Это подчинение языка зафиксированным формам, это затягивание его в узкий корсет грамматики грозит литературному языку очень серьезными опасностями. Французский критик Реми де Гурмон говорит: «учась в школьных тюрьмах тому, чему когда-то гораздо лучше учила детей сама жизнь, они, из страха перед грамматикой, теряют ту свободу ума, которая так важна в эволюции слова. Они говорят, как книга, как плохие книги, и, когда им нужно сказать что-нибудь серьезное, они прибегают к фразеологии этой низменной моральной и утилитарной литературы, которою мы пачкаем их нежные и впечатлительные мозги. Народ в этом отношении не отличается от ребенка; но, более смелый и предприимчивый, он создает свой, простонародный язык, – арго, – и в нем он дает волю своей потребности в новых словах, в живописных оборотах, в синтаксических новшествах.

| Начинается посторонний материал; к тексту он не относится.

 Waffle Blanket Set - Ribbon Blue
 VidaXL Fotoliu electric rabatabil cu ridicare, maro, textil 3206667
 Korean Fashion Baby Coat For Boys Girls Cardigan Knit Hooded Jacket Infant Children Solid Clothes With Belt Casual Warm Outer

Обязательное обучение в низших классах Парижа сделало из французского языка мертвый язык, – парадный язык, которым народ никогда не говорит, и который он скоро перестанет понимать: он любит свой арго, которому научился один, на свободе, и ненавидит французский, который все больше становится для него языком его господ и угнетателей».

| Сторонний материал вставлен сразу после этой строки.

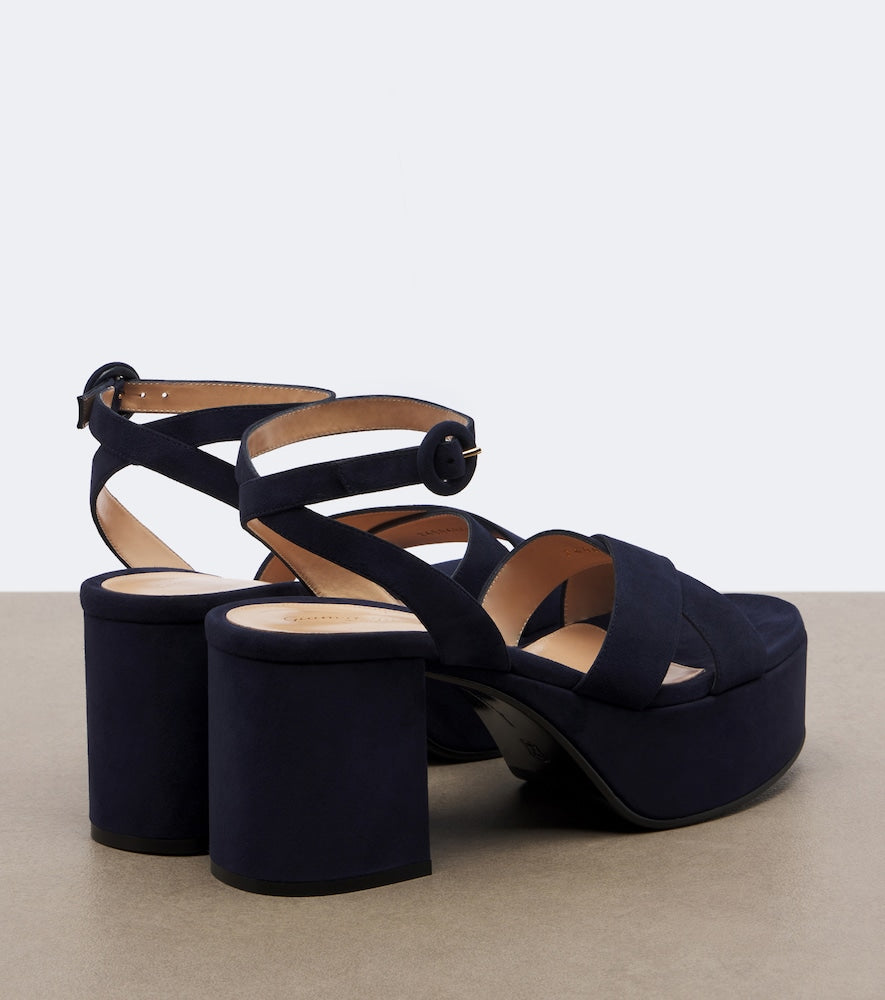 Gianvito Rossi Sabrina suede platform sandals (Blue) - High-Heel Sandals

Как всякому писателю, мне часто приходится иметь дело с начинающими писателями, и в частности – с писателями «из народа». Приходит такой, протягивает, конфузясь, коряво написанную тетрадку и предупреждает: «вы уж только извините, – я человек безграмотный, писать не умею». Читаешь, – да, плохо! Тусклый, робкий язык, неумело и неуклюже подделывающийся под язык литературный. А разговоришься с ним, втянешь в разговор, заставишь его рассказать что-нибудь из пережитого, – и какой у него является яркий, сочный, свой собственный язык! Записать бы рассказ стенографу, – и готов великолепный рассказ. Прочтите повесть И.С. Шмелева «Человек из ресторана». Рассказ ведется от лица ресторанного официанта и написан языком, каким говорят официанты. И этот язык, – странный и грамматически совершенно неправильный, – как он ярок, точен, своеобразен, как потрясает в нужных местах! Художник сумел схватить подлинный характер речи ресторанного лакея. А возьмись писать свои записки сам лакей, – он и подумать не посмел бы писать их своим собственным языком, а стал бы неумело и витиевато подлаживаться под книжки, которые ему довелось прочесть. И получилась бы одна скука. Читаешь современную пролетарскую поэзию, – как сильно чувствуется в ней Верхарн, Уолт Уитмен, Бальмонт, Андрей Белый. Почему эта поэзия говорит чуждым языком далеких бельгийских и американских поэтов, вычурным языком русских модернистов? Почему не пытаются говорить поэты своим собственным языком, – энергичным и простым языком, каким говорят и выражают свои чувства русские рабочие, – живые русские рабочие нынешнего времени?
IV
Многому приходится учиться художнику. Приходится ему учиться говорить собственным языком, – приходится также усердно учиться смотреть собственными глазами, слушать собственными ушами. Как это ни странно, но часто требуются долгие усилия целых поколений, чтоб дать себе отчет в том, как мы что-нибудь в действительности видим. На картинах итальянских художников кватроченто мы часто встречаем изображение какого-нибудь святого или святой, сидящих у открытого окна. В окно виден далекий пейзаж, – горы, деревья на горах, домики. И что-то в этом пейзаже есть странное, наивно-неверное, в чем вы себе сначала даже не можете дать отчета. И вдруг вы улавливаете причину: на этих далеких, за версту от зрителя, деревьях тщательнейшим образом выписан каждый сучек, каждый листочек, птичка, сидящая на дереве, на окнах домиков и церквей нарисованы все перекладинки на рамах. Но ведь в действительности человек не в состоянии видеть всего этого издали. А художники того времени этого не замечали, не замечали и дымки, окутывающей далекие предметы. И воображали, что пишут так, как видят. Посмотрите вообще на картины, изображающие быстро движущиеся предметы, – скачущую в карьер лошадь, рукопашную схватку, мчащийся поезд. Вы чувствуете, что художники и до сих пор не сумели по-настоящему увидеть движения, поймать его характерные особенности. Придет большой художник, увидит это, покажет, – и тогда нам так же будет смешно смотреть на современные изображения скачущих лошадей и боевых схваток, как смешно смотреть на тщательно выписанные детали далеких предметов на картинах старых мастеров.